Die jungen Menschen im Alter zwischen 18 und 26 Jahren beschäftigten sich während ihres achttägigen Aufenthaltes mit Fragen zur beruflichen Karriere und zur Familienplanung, aber auch mit Zukunftsplänen, Hoffnungen und Ängsten. Während zahlreicher Diskussionsrunden mit gleichaltrigen jungen Erwachsenen aus China und Indien hatten die Teilnehmenden der Young Leader Delegation die Möglichkeit, sich in den verschiedensten Themen, wie Kultur, Politik, Freizeitbeschäftigungen, Geschichte, Medien und Zukunftsplanung auszutauschen.

Besuch im Landtag
Was denken Ausländer über mein Land? Welche Vorurteile bestehen gegenseitig? Wie geht es den Geflüchteten in Deutschland, wie sehen die Deutschen diese Thematik. Und wie wird darüber in Indien und China berichtet?

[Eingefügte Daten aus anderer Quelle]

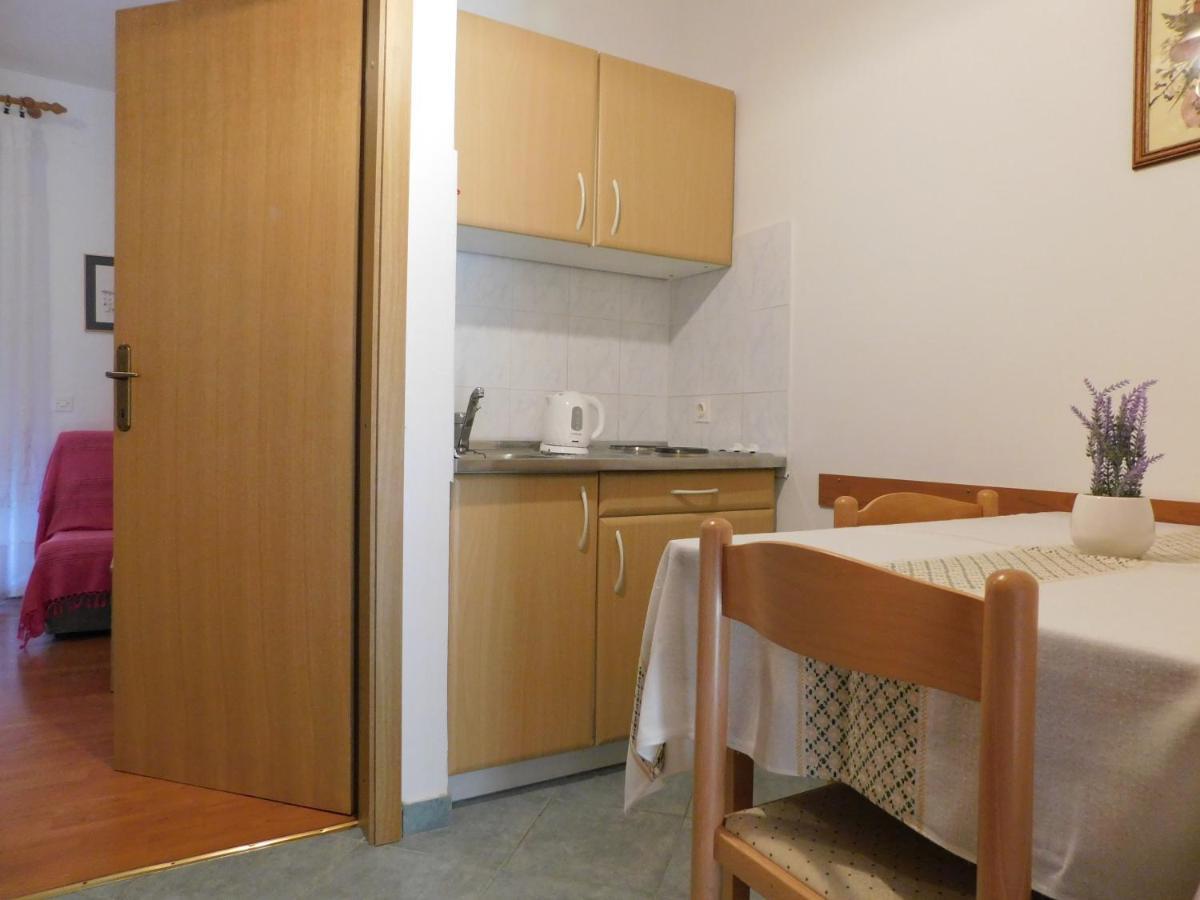 Apartmani Salus Pag Town Eksteriør billede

Im Rahmen von Workshops und Besuchen und in persönlichen Gesprächen waren dies weitere Themen. Doch das Highlight der Begegnung für war der Besuch im Landtag mit einem Empfang durch den Landtagspräsidenten André Kuper. Hier hatten die ausländischen Gäste die Gelegenheit, sich persönlich in das offizielle Gästebuch des Landtages einzutragen. Anschließend konnten sie Fragen an die Abgeordneten Franziska Müller-Rech (FDP) und Jens-Peter Nettekoven (CDU) vor allem zur letzten Bundestagswahl stellen. Eine solche Nähe und Offenheit zwischen der Gruppe und den Politikern wäre sowohl in China als auch in Indien nicht möglich gewesen und hat deshalb unsere Gäste tief beeindruckt.

Mal eben Fahrradfahren gelernt
Weitere Höhepunkte waren eine Begegnung mit Greifvögeln (u.a. mit einem Adler, der stolze 7 kg auf die Waage brachte) und eine Fahrradtour vom Sport- und Erlebnisdorf Hinsbeck ins holländische Venlo. Denn die ausländischen Gäste fahren ja nicht alle Tage mit dem Rad über eine europäische Grenze! Wobei manche bis dahin überhaupt noch nie Fahrrad gefahren waren und es dort mal eben gelernt haben. In Amsterdam dann ein anderes Verkehrsmittel: Mit dem Boot erkundeten die jungen Engagierten die typischen Grachten. Und gemeinsame sportliche Aktivitäten wie Schwimmen, Basketball, Volleyball und Fußball (mit Geflüchteten bei der Rheinflanke in Köln) durften natürlich auch nicht fehlen. Eine positive Gruppendynamik erzeugte letztlich auch eine Runde Springen in der AirHop-Trampolinhalle in Düsseldorf.

Positive interkulturelle Erfahrungen
Alle sprachen sehr gut Englisch und waren hoch motiviert bei der Sache. Beste Voraussetzungen für einen intensiven Austausch mit viel Raum für Eigeninitiative. Es ist einmal mehr deutlich geworden, wie unglaublich viel solche positiven interkulturellen Erfahrungen zur persönlichen Entwicklung von jungen Menschen beitragen können! Gerade jetzt, wo Fremdenhass und Rechtsradikalismus wieder stärker werden und jegliche Offenheit für Menschen aus anderen Kulturkreisen verloren zu gehen droht, nimmt die Bedeutung der internationalen Jugendarbeit zu. 2018 wird die „Young Leader“ Begegnung in Indien fortgesetzt.

Seit 2010 ist auch Indien dabei
Im Jahre 2002 fiel der Startschuss für die sehr erfolgreiche und spannende Kooperation zwischen der Sportjugend Nordrhein-Westfalen und CPAFFC („Chinese People´s Association for Friendship with Foreign Countries“). Im Rahmen dieser Kooperation ist u.a. die Young Leader - Austauschmaßnahme für junge Nachwuchs-Führungskräfte entstanden. Seit 2010 nimmt auch die indische Organisation „Friends of China Association“ aus Punjab an dem Austausch teil.